» **Problem to work on**: Nothing but the lines below from the one with "used 2021 Mitsubishi" through the one with "Откуда историки знают" should be output, each exactly as given, and no pictures.

» **Excerpted records**:

==================================================

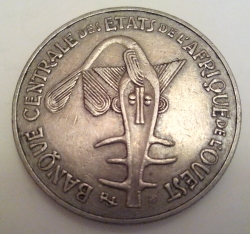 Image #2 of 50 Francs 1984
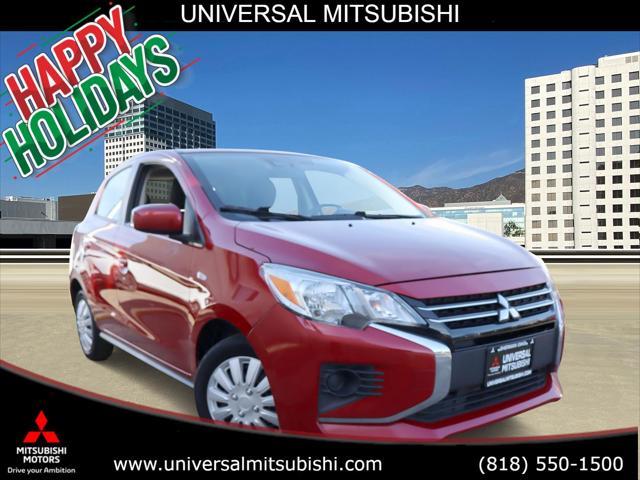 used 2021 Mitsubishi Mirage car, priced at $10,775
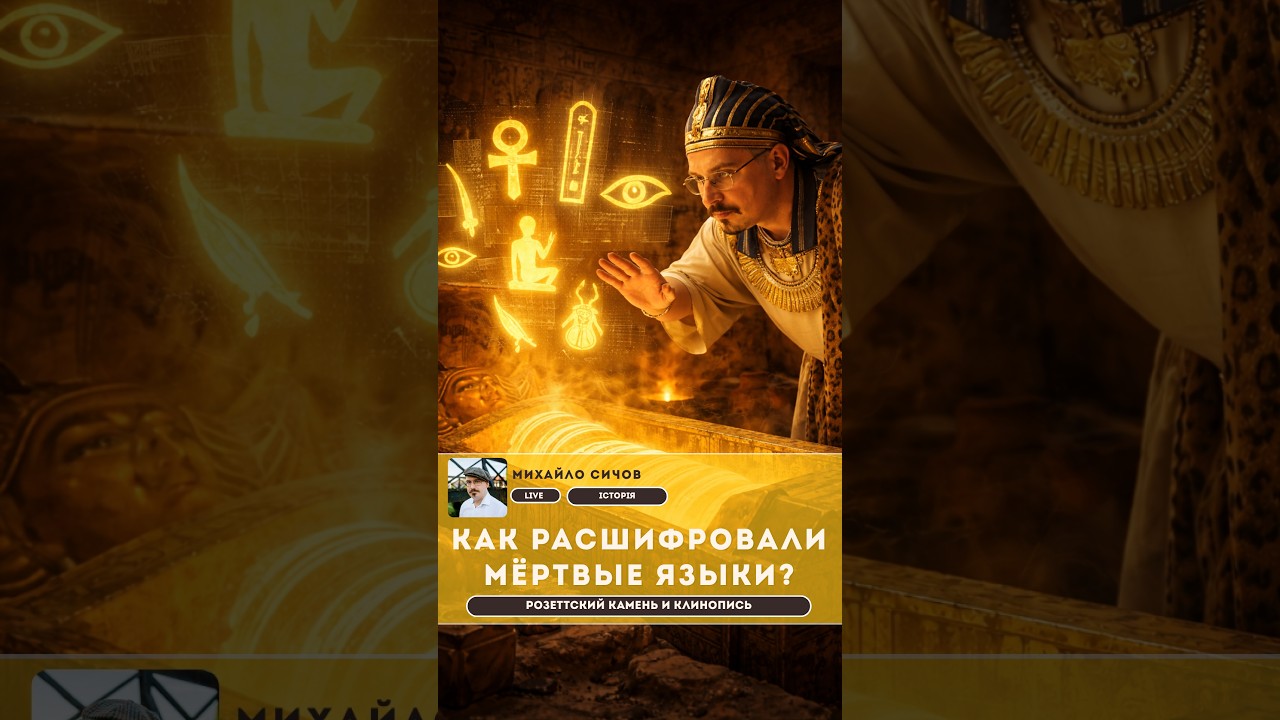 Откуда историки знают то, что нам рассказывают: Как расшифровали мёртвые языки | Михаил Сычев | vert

==================================================

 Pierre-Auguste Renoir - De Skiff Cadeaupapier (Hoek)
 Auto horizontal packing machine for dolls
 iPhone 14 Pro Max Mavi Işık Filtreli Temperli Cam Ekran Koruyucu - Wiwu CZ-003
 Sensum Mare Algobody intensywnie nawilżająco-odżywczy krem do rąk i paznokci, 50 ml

==================================================

» **Your response**:
 used 2021 Mitsubishi Mirage car, priced at $10,775
 Откуда историки знают то, что нам рассказывают: Как расшифровали мёртвые языки | Михаил Сычев | vert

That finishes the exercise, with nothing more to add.